Eight college applications to fill out, 12 essays to write, and 10 scholarships to apply for have reminded me I am no longer a kid. When I was younger and homeschooled, I felt as though high school and living with my family would last forever–and I never gave a thought to anything changing.

But in the last semester, I have realized the fantasy from childhood of things always staying the same is just that–a fantasy.

Life becomes scarier the closer I get to taking the next step after high school.

Almost two months into senior year, things keep piling up the more I prolong the inevitable: senior photos, letters of recommendation, ACT retake.

In previous years, I looked up to seniors and thought I can’t wait to be a senior and get out of here, and now that I am here, I feel the weight of my decisions, actions, and plans.

Being a senior is a culmination of the years prior and once high school is complete, I  have to put what I have learned into action.
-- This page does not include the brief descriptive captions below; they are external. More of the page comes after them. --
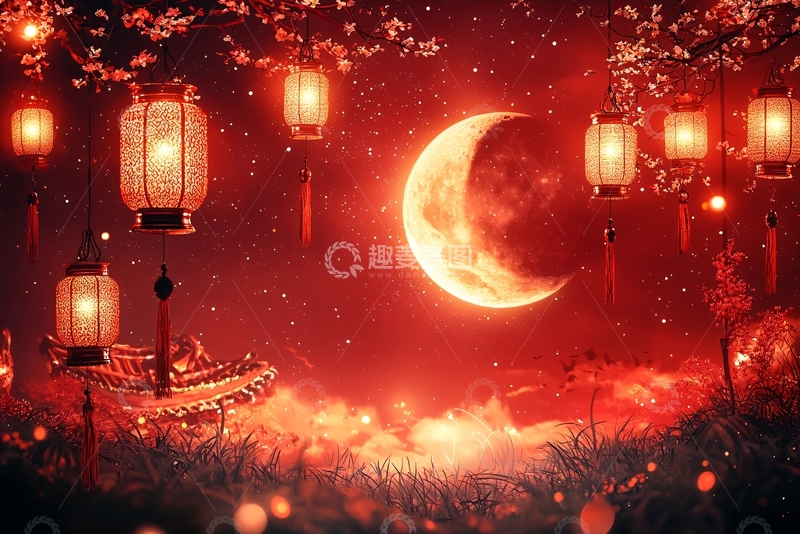 高清大图下载【趣麦麦图】红月夜色下的中国风灯笼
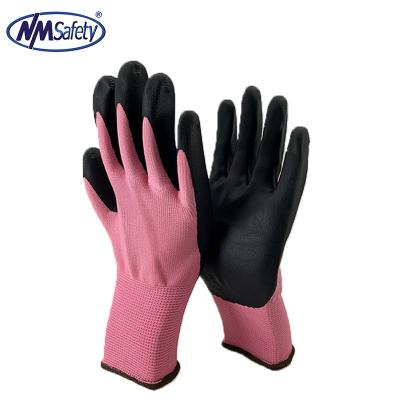 China Gardening/Gauge Polyester Liner Assembling/Construction NMSAFETY 15 Coated Micro Foam Nitrile Palm Construction Work Gloves for sale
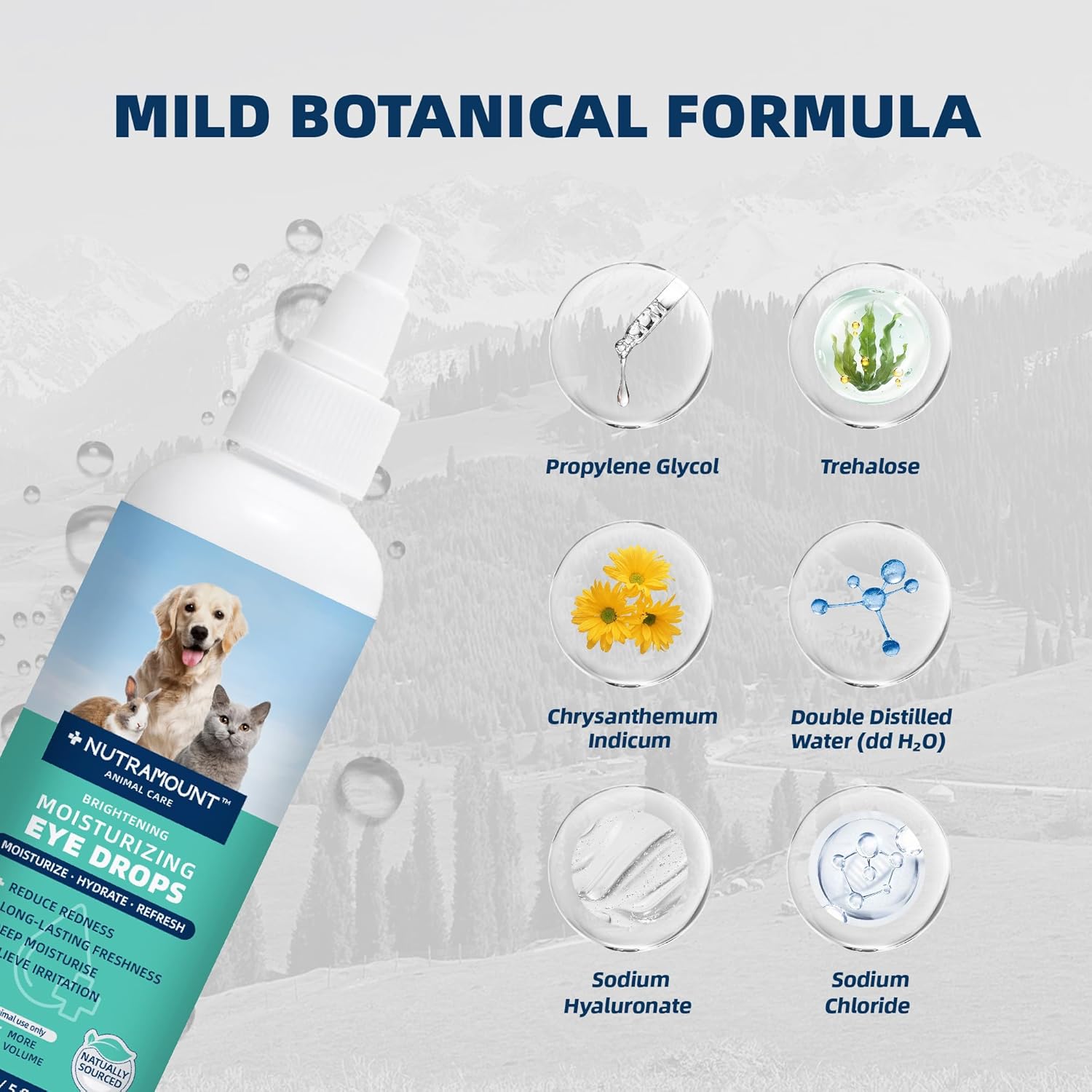 Moisturizing Eye Drops for Dogs, Cats, and Livestock 150ML/5 fl. oz Dry Eye Solution Twin Bottle Set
I have heard parents (as well as classmates) boast that my senior year is the easiest, but I find this to be false. It’s not the challenge of Advanced Placement Psychology or United States History or Advanced Placement Literature that makes senior year difficult. But instead it’s difficult because I know that the choices I make now are going to affect the rest of my life. This amplifies the pressure and stress during senior year.

When I was a kid, big decisions were which stuffed animals I should get rid of to make room in our new house. As a senior, in the choice of selecting colleges, eliminating schools is much more difficult.

Some of the choices during my freshman year were not the finest. For example, I did not take a foreign language, and to my dismay, most colleges (including my top two choices, University of Florida and New York University) require two years completion of a foreign language.

I have come to realize that before making decisions, I should think of how they will affect my future.

Countless all-nighters, bags under my eyes, and bad hair days have been apart of my four years of school. What I have come to realize throughout the years is that I don’t need things to be easy and that doing all that I can now, to the best of my ability, will pay off, and that moving on and changing can be a good thing.